5 Investment Benefits of Buying a GIC


One of the richest people in the world, Warren Buffet, has only two rules when it comes to investing. Rule number one says you should never lose money, while rule number two says you should never forget rule number one.

When investing, a good portfolio should include both fixed investments and equity. Guaranteed investment certificates (GICs) are a perfect choice for your fixed income portfolio. This article shows you a number of reasons why buying GICs will help you stay true to Warren Buffet’s rule number one on investments: never lose money.

1. Your Principal Is Secured

Most investments do not guarantee the safety of your principal. No entity can guarantee that your investment in stocks or real estate will protect your principal. However, GICs are different. They may not provide as many returns as other high-risk investments, but you won’t have to worry about losing what you already have. A GIC gives you a rock-solid guarantee that such an eventuality won’t happen. You may not become extremely rich by investing in GICs, but you won’t lose your money either.

2. Interest Is Almost Always Guaranteed

While GICs won’t make you rich, having the best GIC rates can guarantee you a modest return on your investment. This, however, depends on how long you keep your GICs since withdrawing them too early may affect your returns. The returns are also not guaranteed should you invest in a market-linked GIC where the market is volatile. The trick, therefore, is to hold on to your GICs for as long as possible, which means you should invest funds you don’t need in the short-term.
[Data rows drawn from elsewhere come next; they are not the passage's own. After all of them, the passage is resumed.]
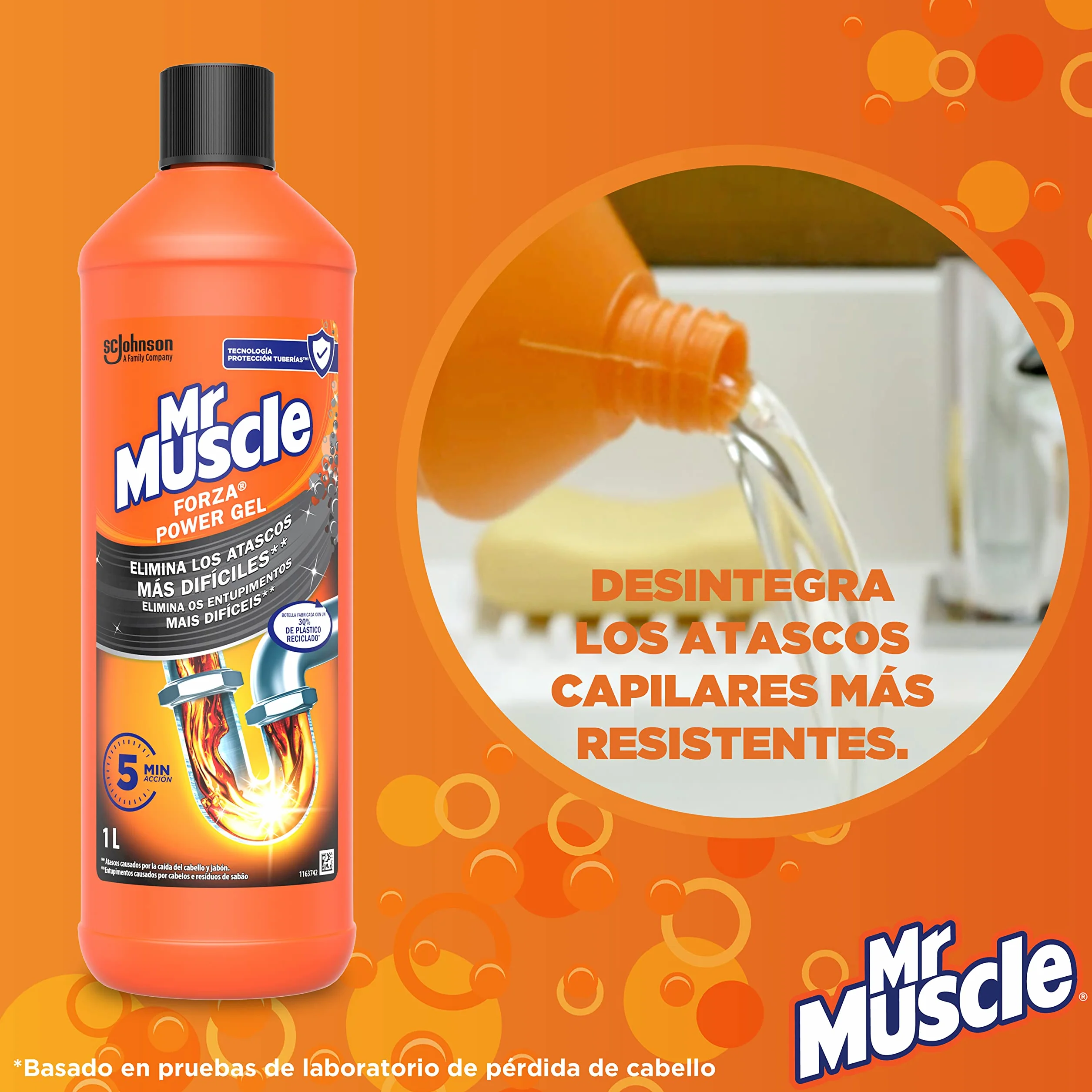 Mr Muscle Gel Limpia Tuberías, 1L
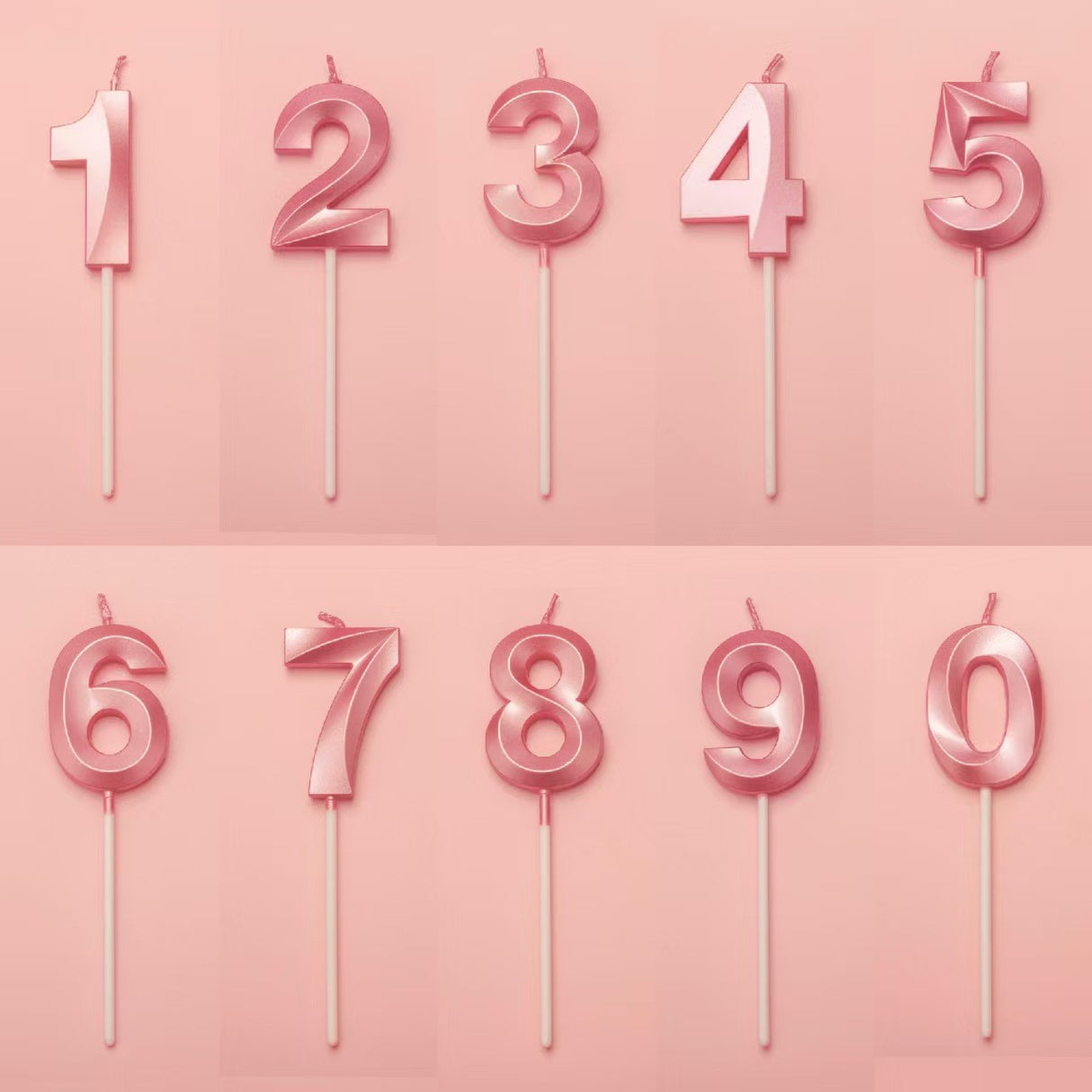 Lumanare Cifra 8, Flippy, Model Diamond, 5 x 3.4 cm, Roz - vivimall.ro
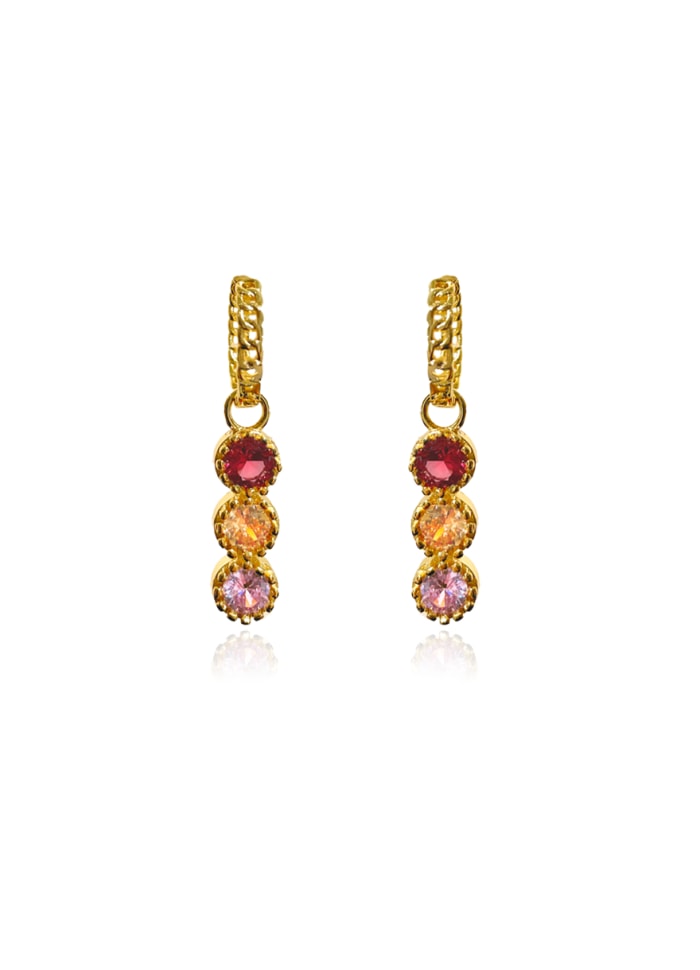 Ioaku chain multi crystal hoops rose red mix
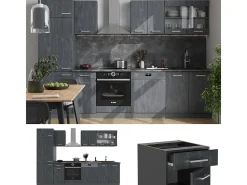 Mueble de cocina hormigón negro/antracita 300x46x81.6 r-line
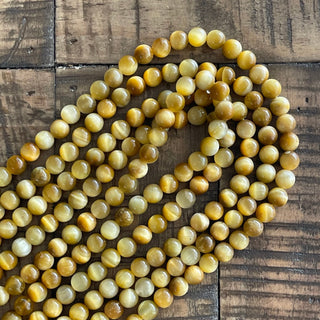 6mm Grade A Golden Tigers Eye Bead Strand - Half Strand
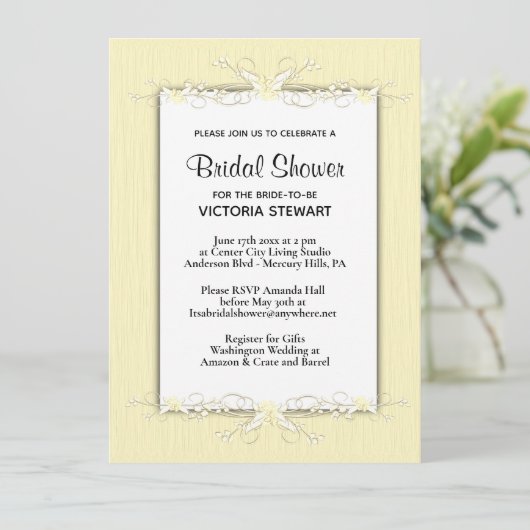 Gele Eenvoudigheids Bridal Shower Invitation Kaart (Staand voorkant)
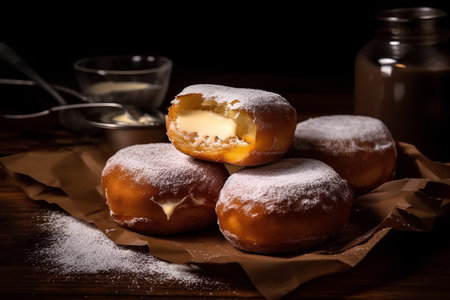 sweet donuts with condensed milk and icing sugar on a wooden tableの素材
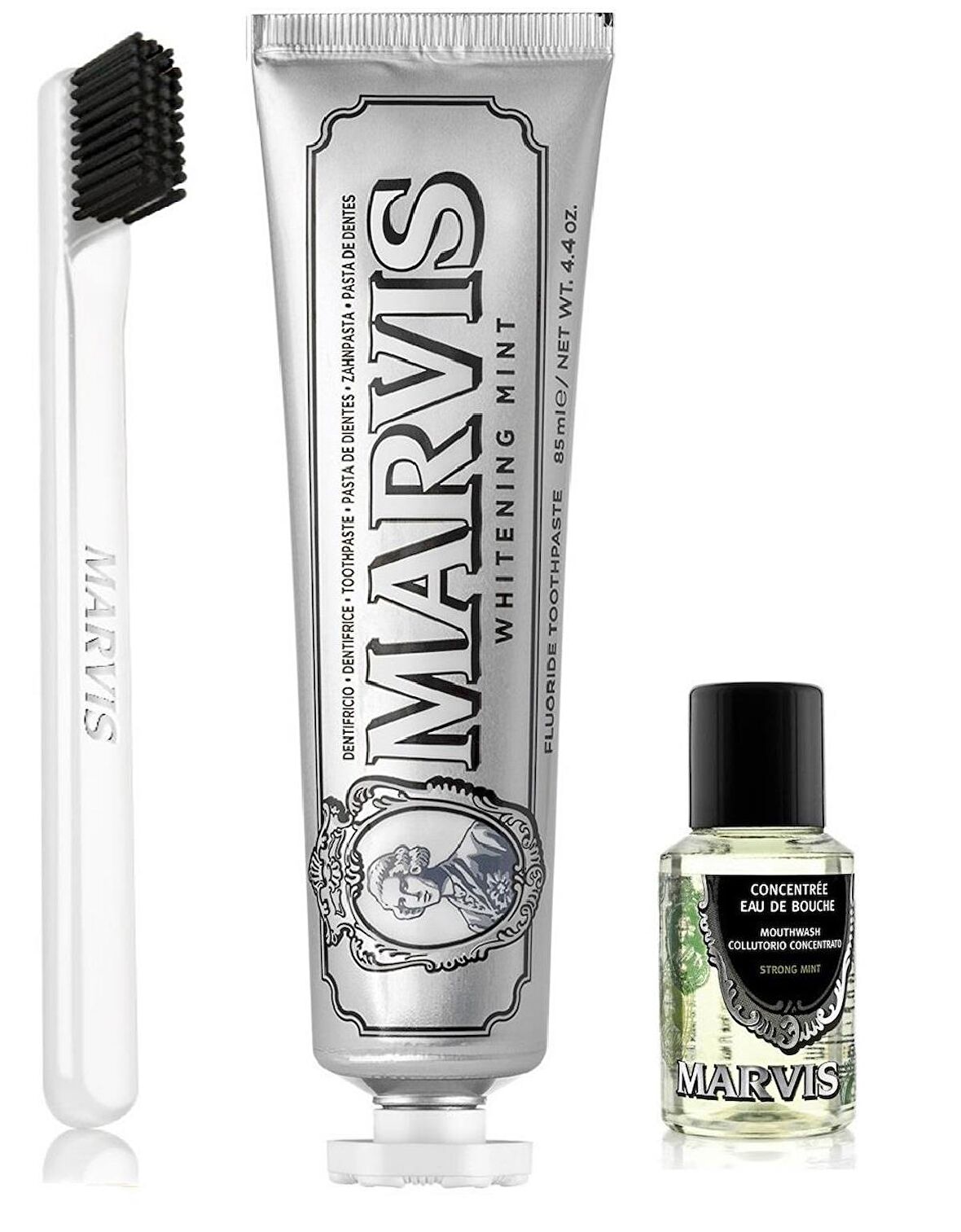 Marvis Whitening Mint Diş Macunu 85 ml + Yumuşak Diş Fırçası + Konsantre Ağız Gargarası 30 ml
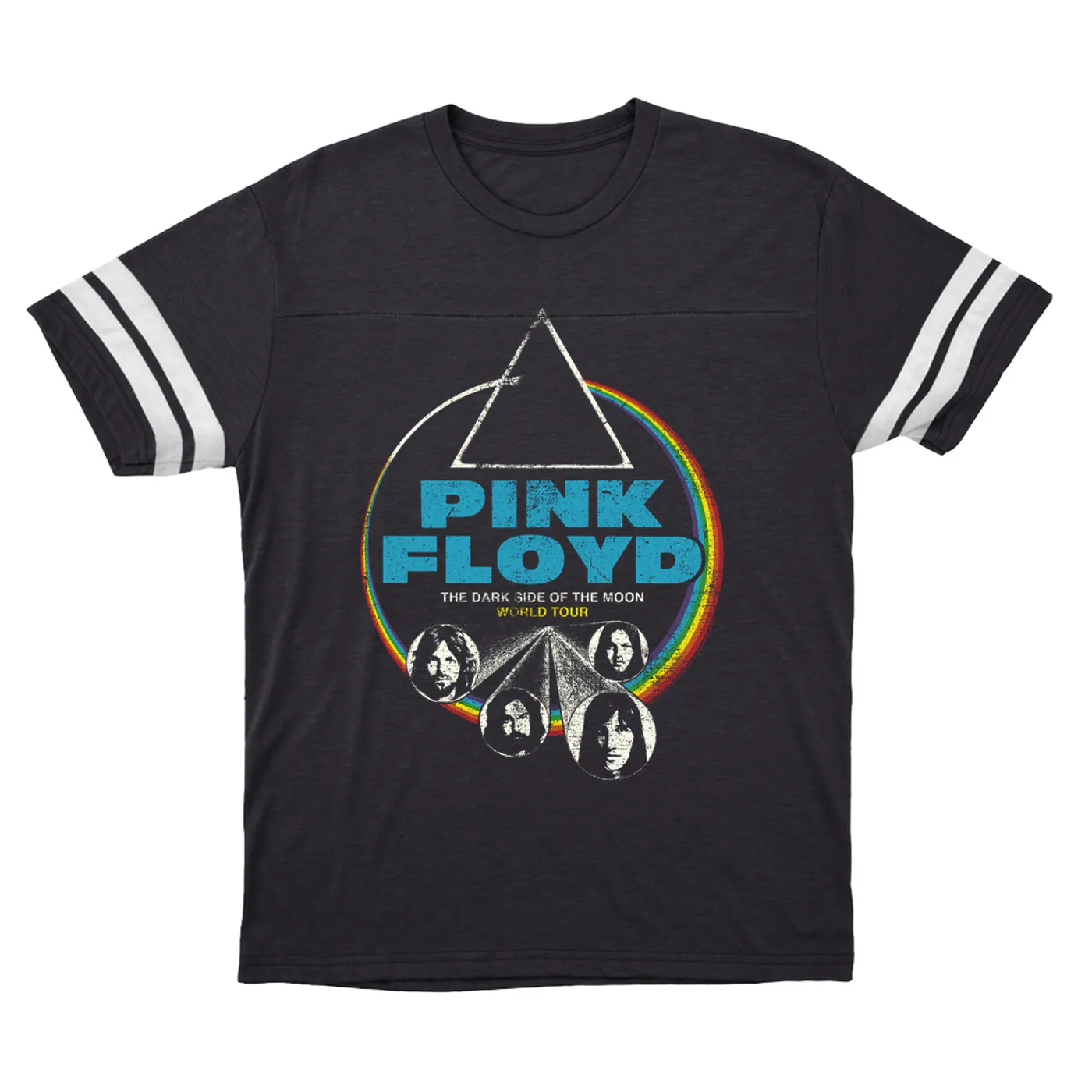Pink Floyd T-Shirt | World Tour The Dark Side Of The Moon Design Distressed Pink Floyd Football Shirt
You should also consider investing in non-redeemable GICs, which have higher interest rates than cashable GICs.

3. GICs Protect Your Money From You

GICs are invested over a particular period, which means you cannot withdraw them before the expiry of that duration. This deprives you of the flexibility to access them at short notice. It’s not as easily accessible to you as the money in your savings account. However, should you have a financial emergency, a number of institutions may allow you to withdraw your GICs early, but you may have to surrender all interests earned thus far. The reasoning behind the structuring of GICs is to protect you from impulse withdrawals and help you to be strategic with your savings.

4. You Can Purchase GICs for Registered Accounts

Different savings vehicles such as RESP, TFSA and RRSP are eligible for GICs investments. You won’t pay tax on interest earned by your GICs if you are using RESP and RRSP GICs. TFSA GICs also don’t attract taxes in earned interest or on withdrawals. This makes investments in GICs a win-win situation from whichever angle you look at it.

5. GICs Are Suitable for a Fixed Income Portfolio

The best investment portfolio features a balanced mix of both equities and fixed income investments. Equities are ideally suited for long-term investments and are highly recommended for capital growth over a longer period. Fixed income portfolios, on the other hand, protect your principal while at the same time giving you a nominal return on your investment. GICs can be compared to corporate or government bonds and other fixed-income investments. They are however more lucrative than these other options since they not only guarantee the security of the invested principal, but they also generate much higher returns in comparison.

GICs are a must-have in your fixed income investment strategy. The only downside is that, if held over a very long period, inflation volatility may eat into your profits. As Warren Buffet says, your aim should be to never lose money. While inflation can depreciate the value of your money, the nominal interest accrued from GICs should, ideally, cover any devaluation of your principal. The solution is to keep a keen eye on inflation rates and assess how they impact on your GICs.